Once you’ve identified great candidates and they’ve accepted the job offers, it’s time for onboarding.
This also must be done consistently and with care. Create a checklist with tasks that must be completed
one week before a new hire starts, on the first day, during the first week, and during the first month. Give
new hires a work project immediately with a completion date that’s two weeks out.

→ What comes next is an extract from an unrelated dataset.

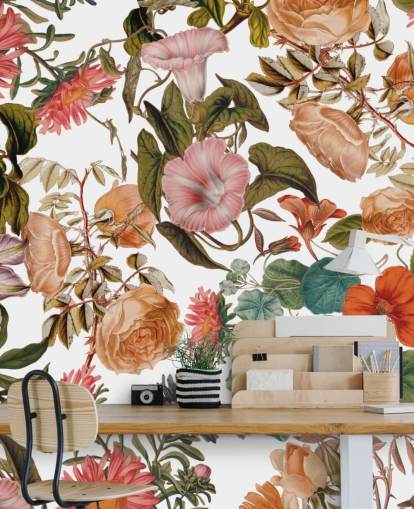 mural de papel pintado floral llamado Romantic Garden de Burcu Korkmazyurek para salas de estar y dormitorios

Unfortunately, not all your team members will stay with the team. This may occur because people decide
to quit, they aren’t performing well, or the organization has a layoff. In all cases, you must know how to
manage when employees leave and remember that communication is important. If you need to fire an
employee, it shouldn’t be a surprise, and you should be very clear when delivering the news. Kindness
and empathy are also best practices.
Team Dynamics
Great teams are based on a strong foundation of norms and psychological safety. Norms define how
a team operates. As a manager, you must define the team norms, such as preferred methods for
communication, decision-making processes, and team roles. When teams have an atmosphere of psy-
chological safety, employees feel that they can take risks without negative consequences. Be sure that
every employee has a voice.
Groupthink dynamics often make it difficult for people to express opinions, especially if those views
are contrary to the majority. Managers must encourage employees to speak up and to speak out. For
example, during decision making, appoint a devil’s advocate. It’s also important to reward dissent.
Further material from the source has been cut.